There is no easy answer to sustainable human development in Africa. However, it is self-evident that the presence of natural resources should expedite the development process, not slow it down or reverse it. This requires political will from both host countries and governments representing foreign investors. But political will is not enough, multiple layers of accountability are needed to ensure the gains of resource extraction go to help the people in the countries which own these resources. Corporate accountability is one aspect which, alongside political accountability, can help ensure that the rule of law is upheld with respect to contracts, and that deals are properly vetted for human rights considerations.
There is, however, another part of the story.

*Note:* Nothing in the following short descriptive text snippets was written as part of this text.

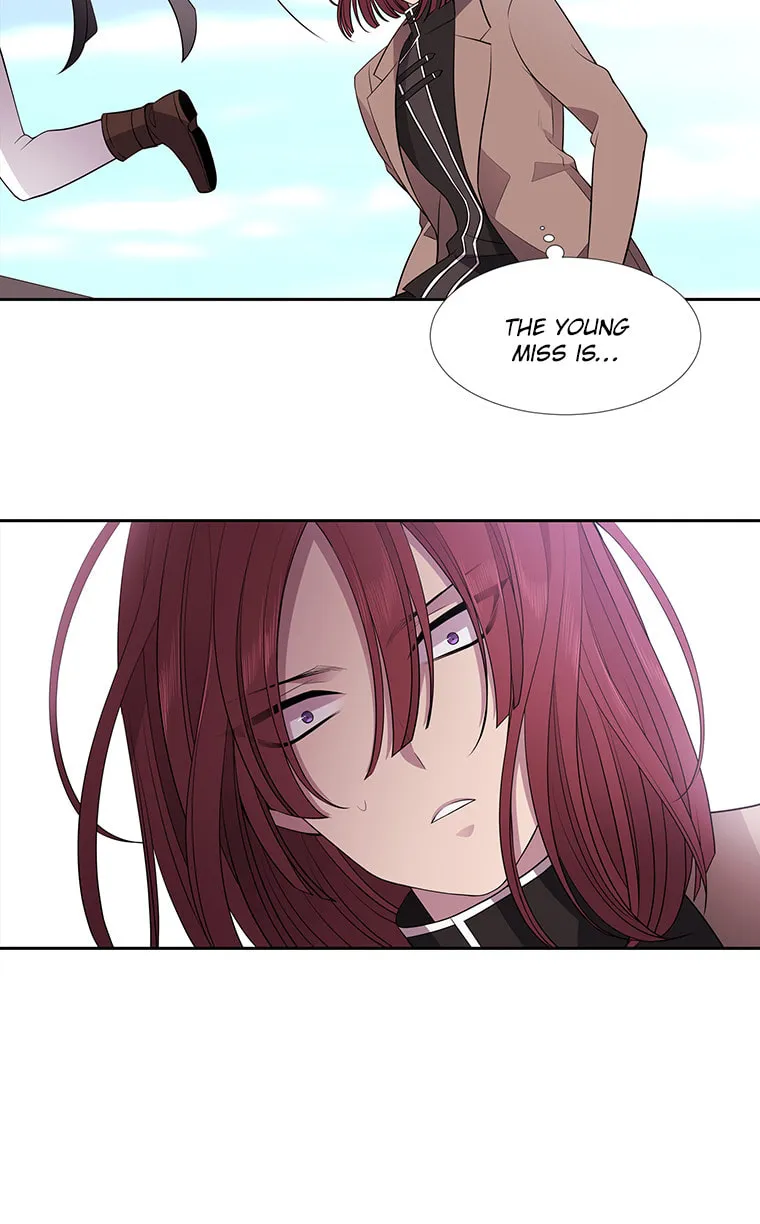 Charlotte and Her 5 Disciples Chapter 15 page 24 - 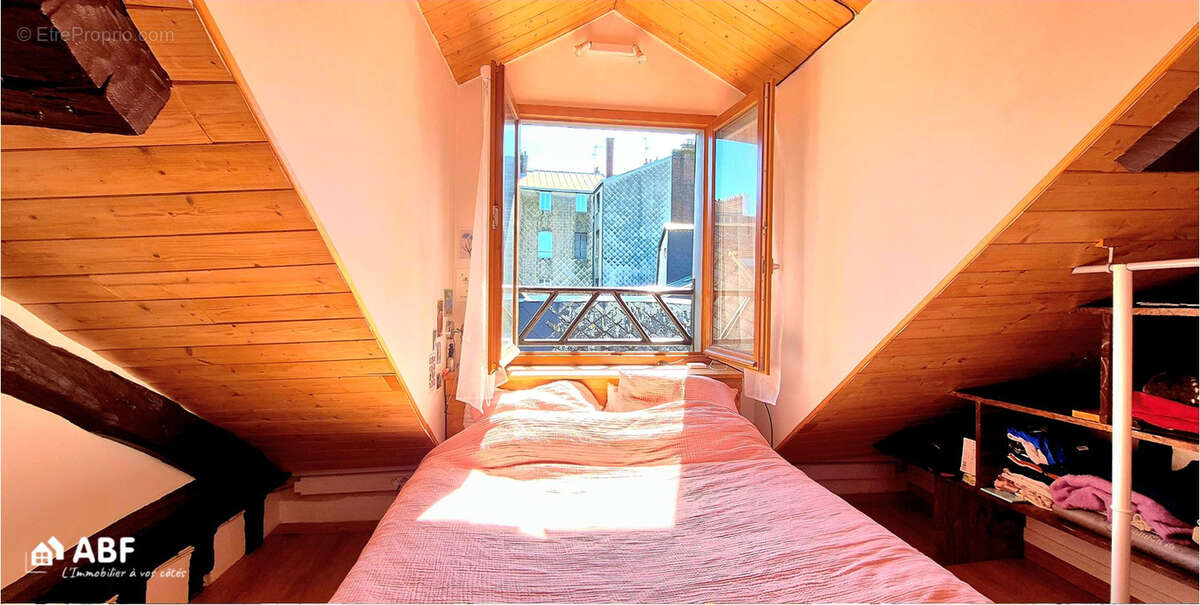 Appartement à ROUEN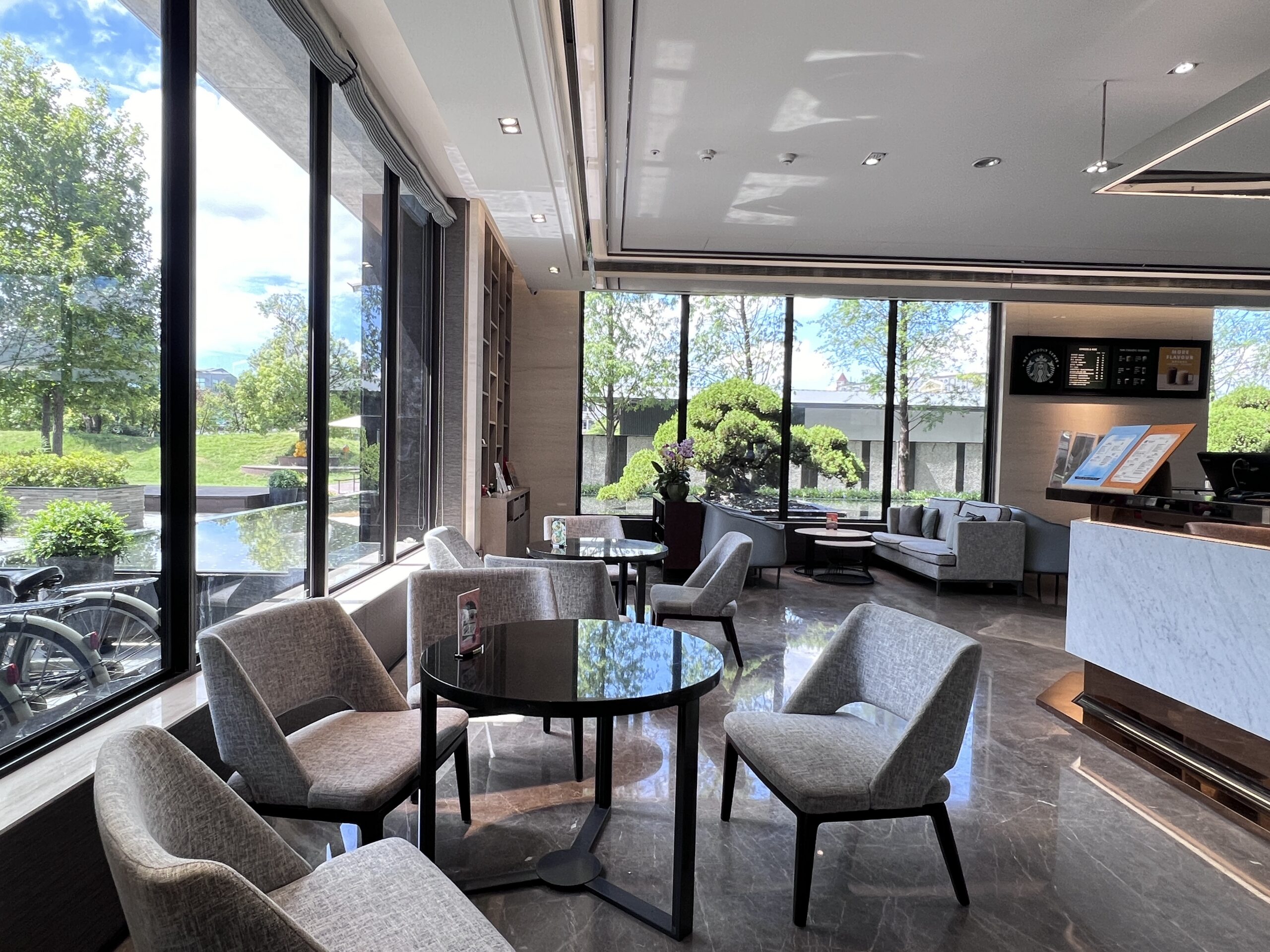 Chiayi Hsinhotel_ Coffee Shop-008 Chiayi Hsinhotel_ Coffee Shop-008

African governments would be right to instill the idea within their citizenry’s that profits from natural resource production indeed do belong primarily to the people. Bad contractual terms are more easily remedied than organized criminals and corrupt officials stealing resource rents. In order to remedy this issue, social accountability could go a long way. Empowering people with political rights, and institutions for voicing grievances (such as ombudsman offices and / or NHRIs, or institutions created specifically for extractive industry grievances) can help turn nationalism and self-interests into meaningful accountability on a scale that is otherwise unachievable.
If people in the developing world are convinced resource profits will go to development programs, and governments are committed to these programs and institutions that promote social accountability, then perhaps we can move past the point in history where the presence of natural resources is considered a “curse” and move toward a future where natural resource profits help expedite human development (as they should!). It appears the political will is slowly accumulating throughout Africa, this is great news as tighter regulations always work better when imposed regionally in order to avoid a “race to the bottom”. The UN Post-2015 Development Agenda will also help achieve this goal, as it is set to have human rights considerations and accountability at it’s core.